*TASK TO CARRY OUT*
Exact reproduction of every record is required, and pictures are to be excluded.

• • • •

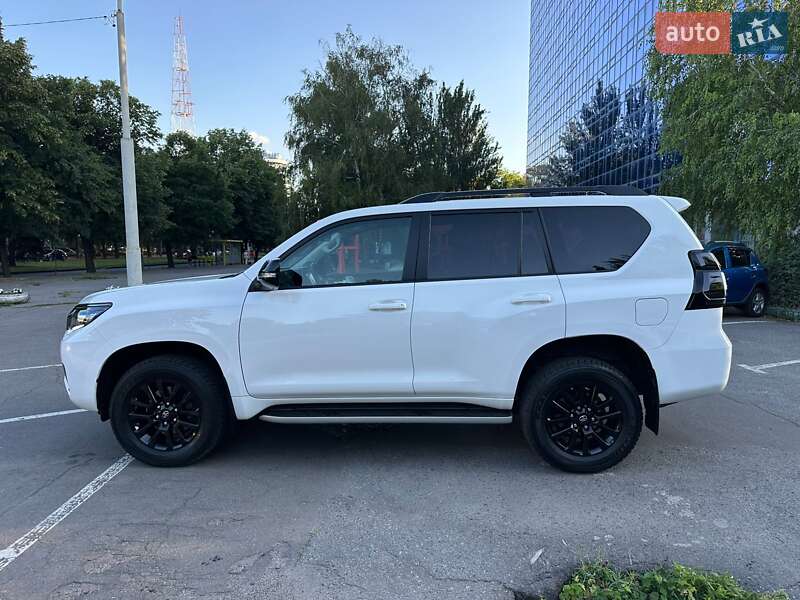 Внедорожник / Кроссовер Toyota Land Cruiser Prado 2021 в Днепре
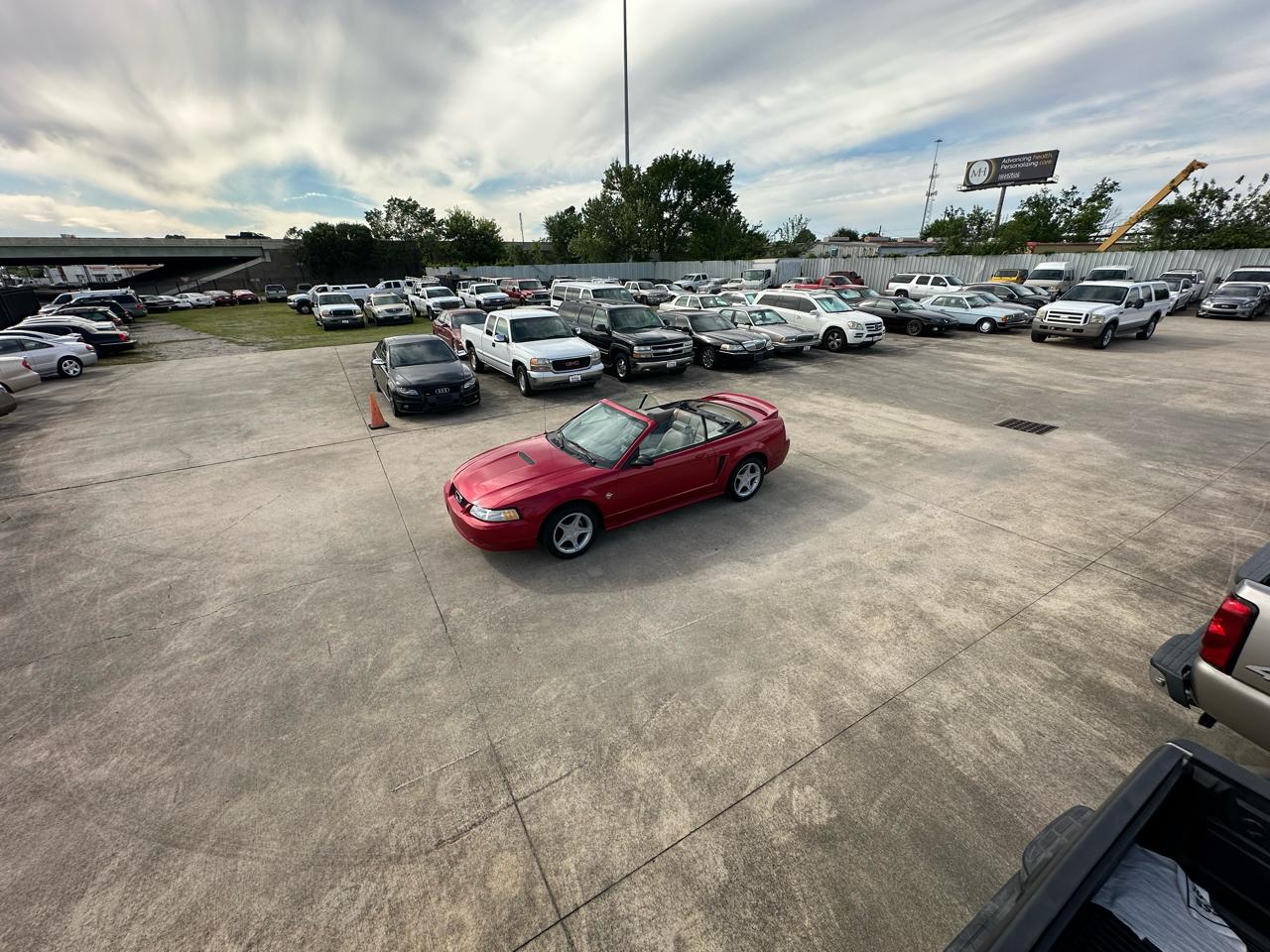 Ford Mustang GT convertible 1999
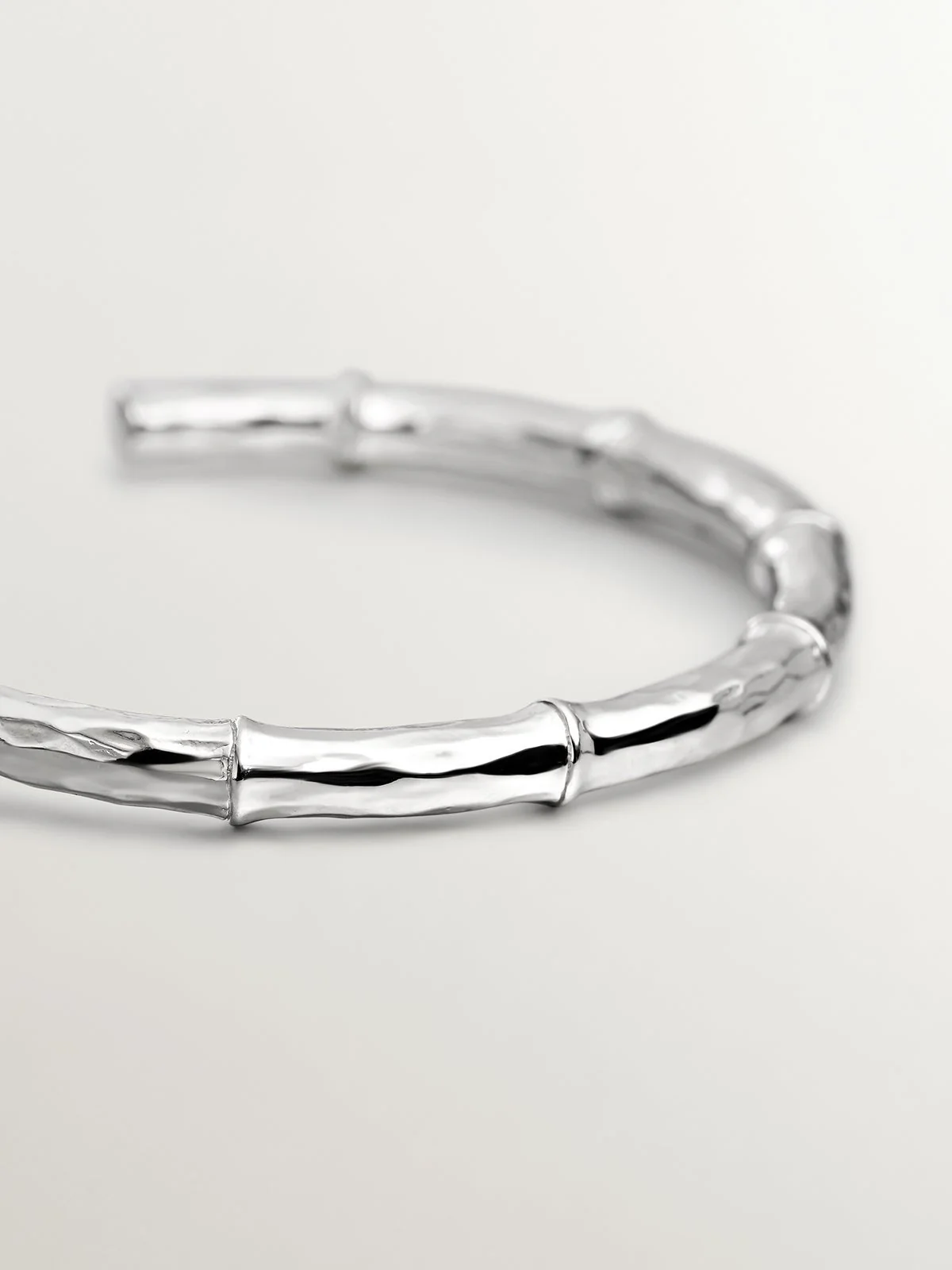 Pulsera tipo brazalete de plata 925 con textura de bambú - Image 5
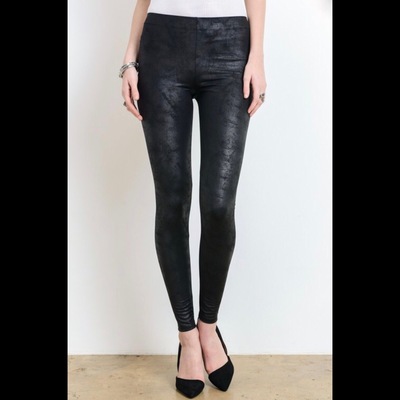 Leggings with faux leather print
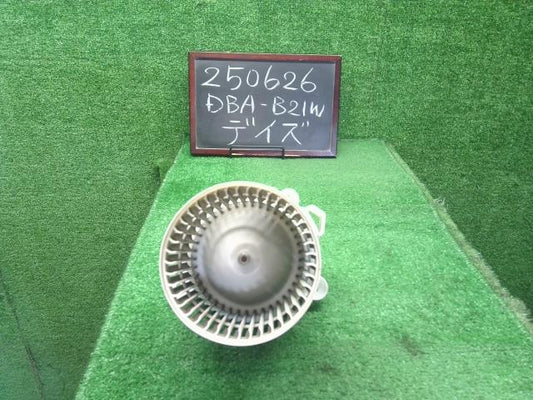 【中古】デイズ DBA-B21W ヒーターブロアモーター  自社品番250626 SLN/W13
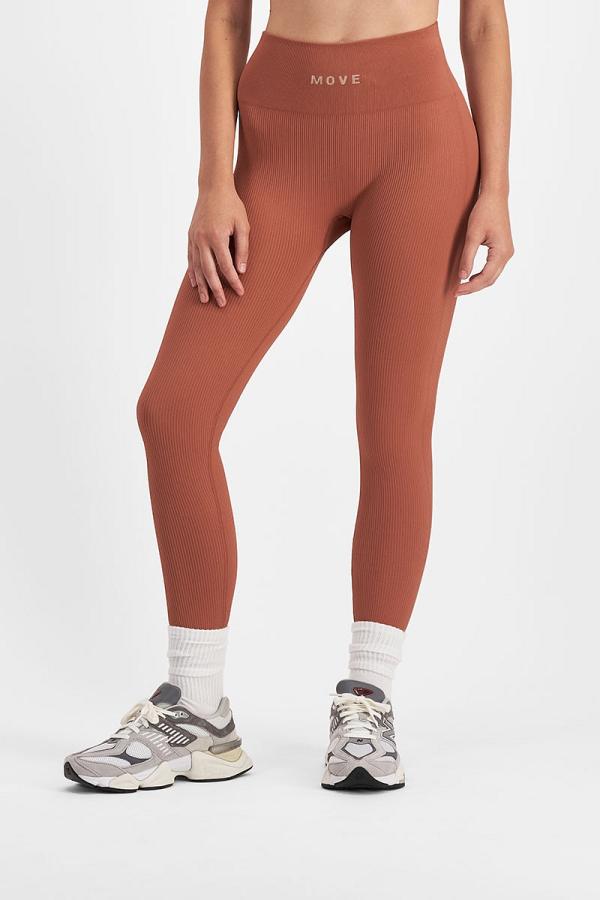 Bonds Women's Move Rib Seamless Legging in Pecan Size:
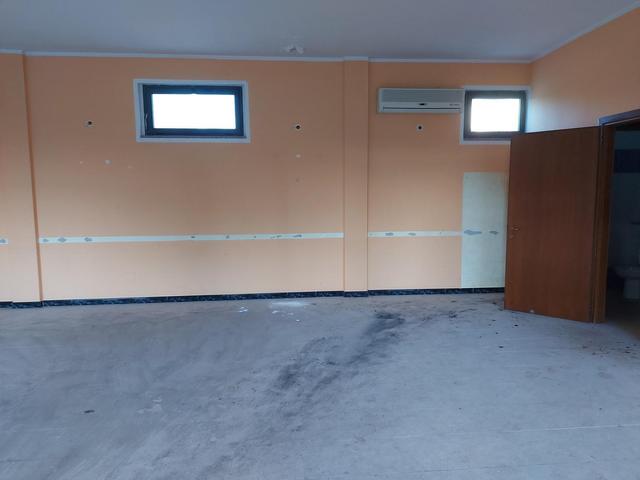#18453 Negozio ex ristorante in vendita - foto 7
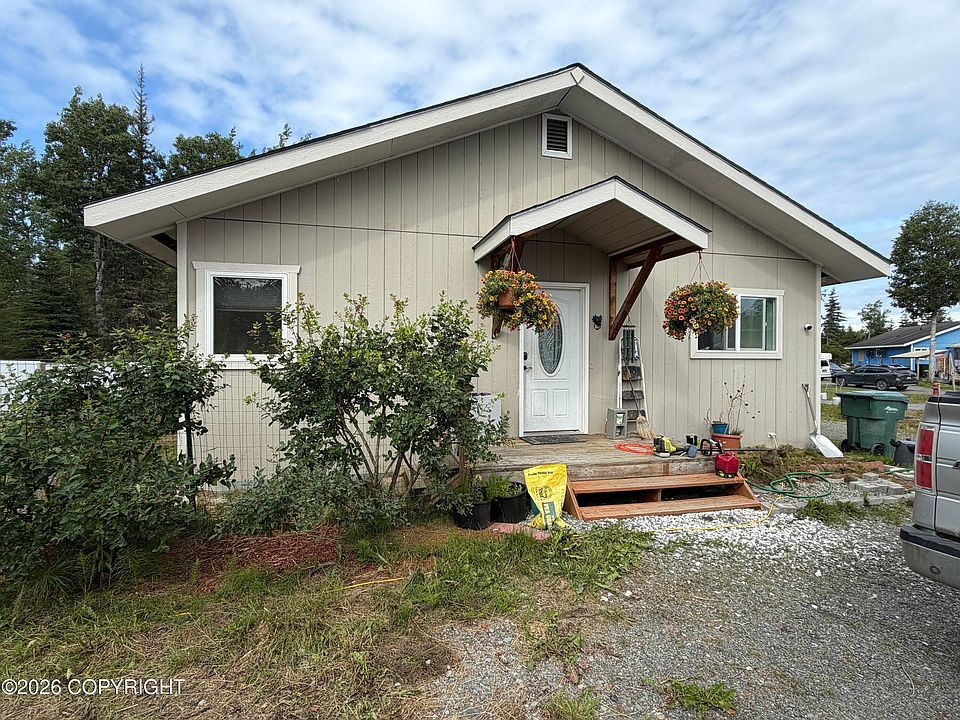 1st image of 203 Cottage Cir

• • • •

*EXERCISE ANSWER*
 Внедорожник / Кроссовер Toyota Land Cruiser Prado 2021 в Днепре
 Ford Mustang GT convertible 1999
 Pulsera tipo brazalete de plata 925 con textura de bambú - Image 5
 Leggings with faux leather print
 【中古】デイズ DBA-B21W ヒーターブロアモーター  自社品番250626 SLN/W13
 Bonds Women's Move Rib Seamless Legging in Pecan Size:
#18453 Negozio ex ristorante in vendita - foto 7
 1st image of 203 Cottage Cir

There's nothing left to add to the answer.